Thanks to this week's contributors, @xMAC94, @Sharp, @tylerlowrey, @Imbris, @Slipped, @TheThirdSpartan, and @mttmartin42!

@Pfau is back at the Veloren art blogs! You can check out No. 7 here. @Capucho is still trudging through the magic that in WGPU. @Awkor has been doing work on an inventory autosort proof of concept. @James is Working on new hotbar skill for the axe and a new m2 for the hammer (moving current m2 to the hotbar). @Sam is working on a sword overhaul.

@Songtronix wrote a discord bot (@Veloren) to control his testing server. It includes:

Switching branches easily
Querying the status of the server (updating, compiling) at any time
Downloading the database
Viewing server settings

*Retouch of a repeating crossbow by @AlbinoAxolotl*

Improved Server Metrics To Improve Server Performance by @xMAC94x

The first step of optimizing Veloren's server code is to know what runs the slowest. If we were to optimize less impactful areas, they wouldn't impact the end-user as much.

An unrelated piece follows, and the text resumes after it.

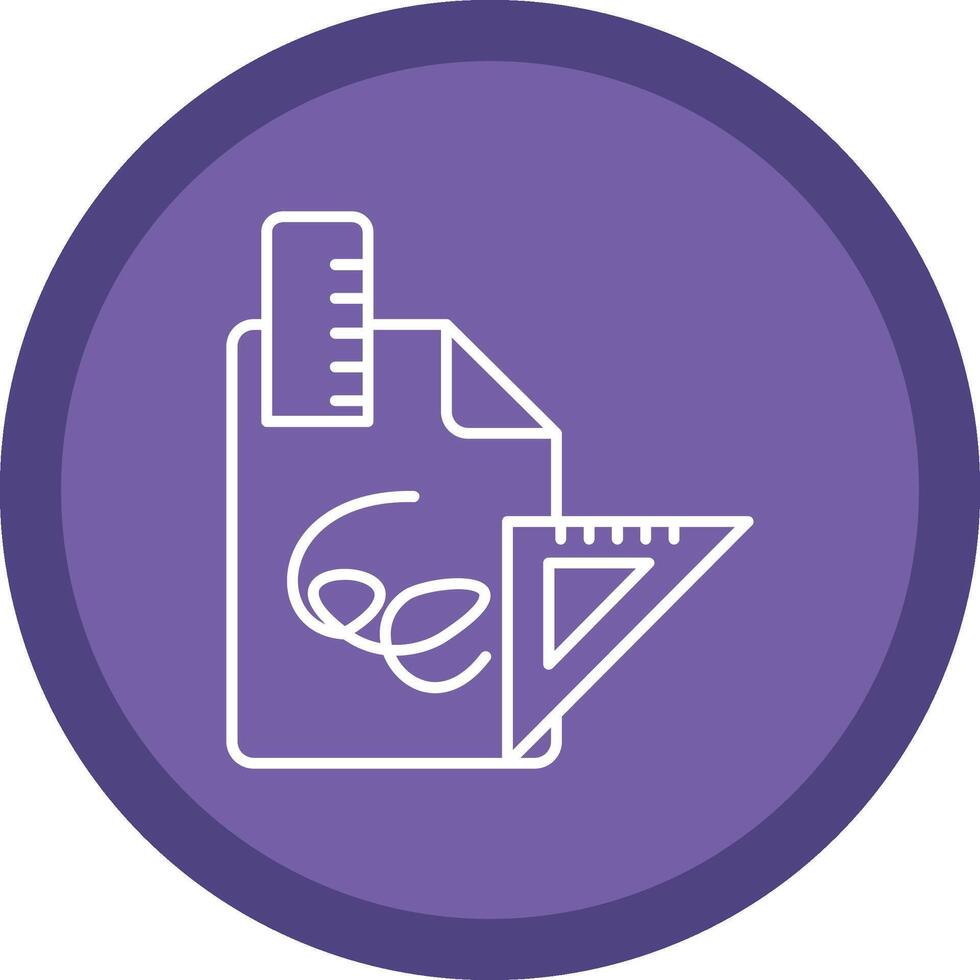 Drafts Flat Circle Multicolor Design Icon vector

We are using Prometheus metrics to gather data in real-time from our main server.

With some recent additions, we are now able to get the following metrics:

Chunks requested from the server: every time a client asks for a chunk we will see how the server reacts. We can see if it need to compute the chunk or if it can just send a chunk which is already loaded because another player is already there.
Chunk generation: when a chunk needs to be generated it is queued. This metrics will help us to see if this queue is getting bigger over time or if it remains at a healthy size.
Active players: players online is now split into players connected and disconnected. This makes it easy to detect single events and even lets us detect when a client joins in the same time other leaves. The online players will be calculated with the difference. For disconnect, we now also track the event (i.e. Gracefully Close, Timeout, Network error). Though currently, under some conditions a network error is thrown for what is actually a graceful close.
State timings: Even deeper look at our engine's State timings. Before we only had a total time for our entire state. Now we can get the state timings based on each subsystem. It shows that physics likely needs the next optimisation.

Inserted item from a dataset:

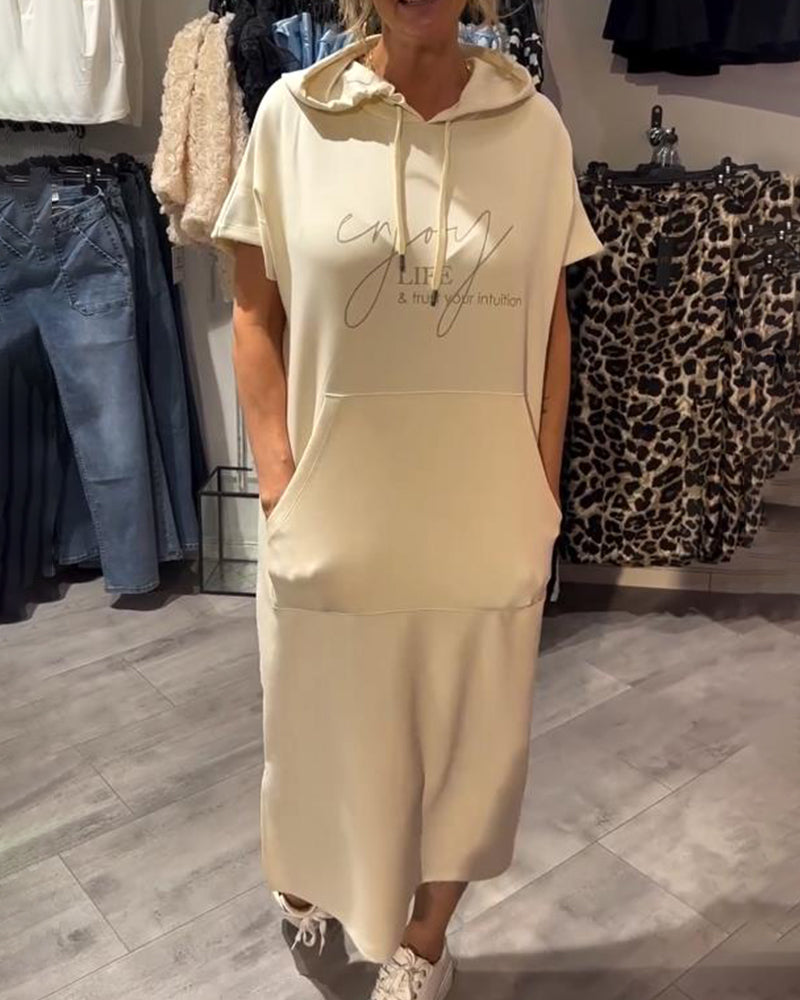 Isa | Robe sweat à capuche décontractée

Theory Of Continuous Prometheus Metrics

Metrics are generated every tick, but are actually only polled by the Prometheus server every 2 seconds. This means we only get a metric for every 60th tick. There are now multiple ways to handle this, especially in relation to timing data. Until now, we have always exported the last tick's timing. This meant we got 100% accurate timings on 1 out of 60 ticks, and no timing information on the remaining 59 ticks. We just had to assume that all the other 59 ticks are probably the same as this one tick. But we have no way of knowing if the tick we received was part of the 95th percentile, meaning much faster or slower than the rest. This information is important, as super slow ticks are the ones that cause lag.

Another way to tackle this problem is by summing up the timings. We can still poll the data every 2 seconds (60 ticks). So we get the total time spend for our all of these ticks, but aggregated together. However, just take the average and assume each tick was just 1/60 of that value. Or if there is a slow tick and 59 fast ticks, there is no way of knowing.

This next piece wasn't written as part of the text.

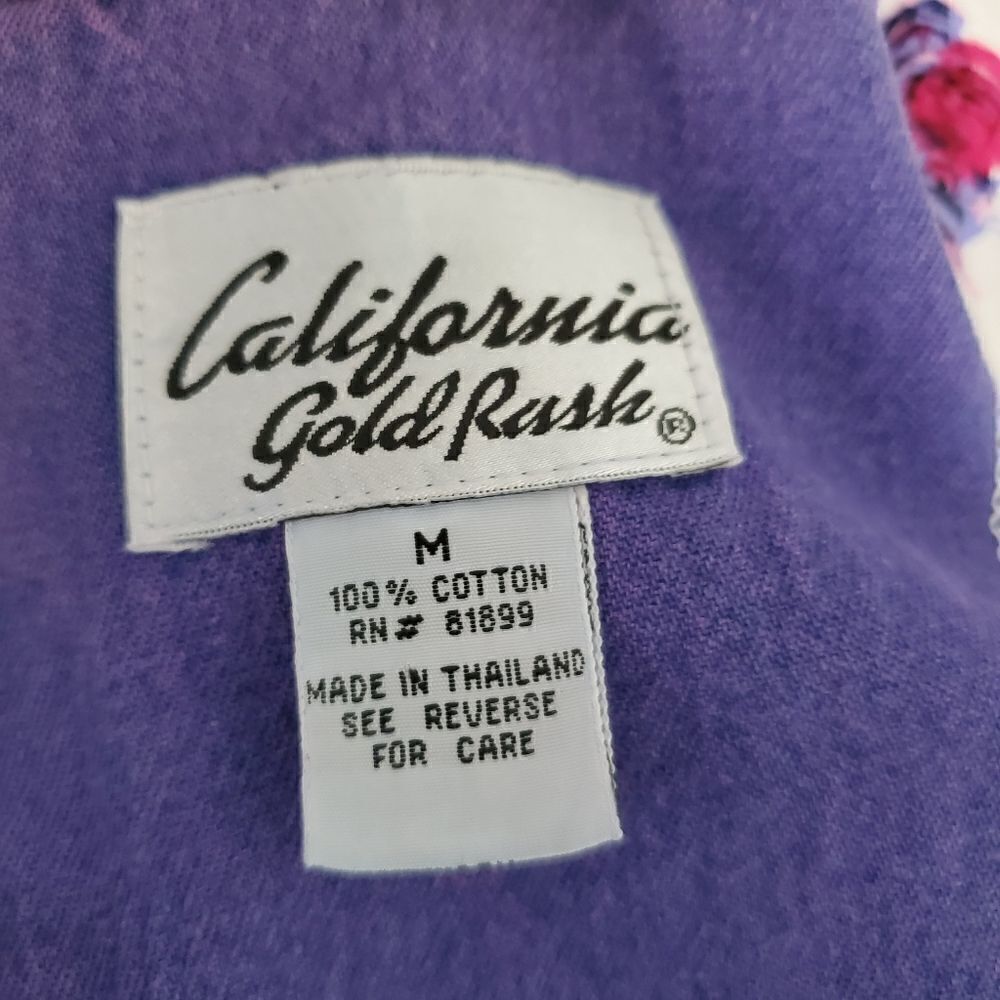 Vintage California gold rush purple denim dress - Picture 6 of 8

*A Steppesman's recurve bow by @AlbinoAxolotl*

For this case, Prometheus has histograms. They provide buckets for different time ranges, lets say <1ms, 1-5ms, 5-10ms, >10ms. With Histograms, each tick will increase a number in its corresponding bucket. So if we have a super fast tick, it will increase the number in the <1ms bucket. if we have a super slow tick we increase the number in >10ms. We will be using a combination of BOTH. summing up all ticks AND histograms in the future to detect the average time we spend in a certain part of our code as well as make sure, that we don't have any spikes causing lags.

Altogether, these new techniques will allow us to get much better telemetry about the outliers. Often it's hard to make networking work well purely from what seems to be best in theory. Veloren's application is unique in many ways, and so we will have to keep striving to analyze how it runs from the data.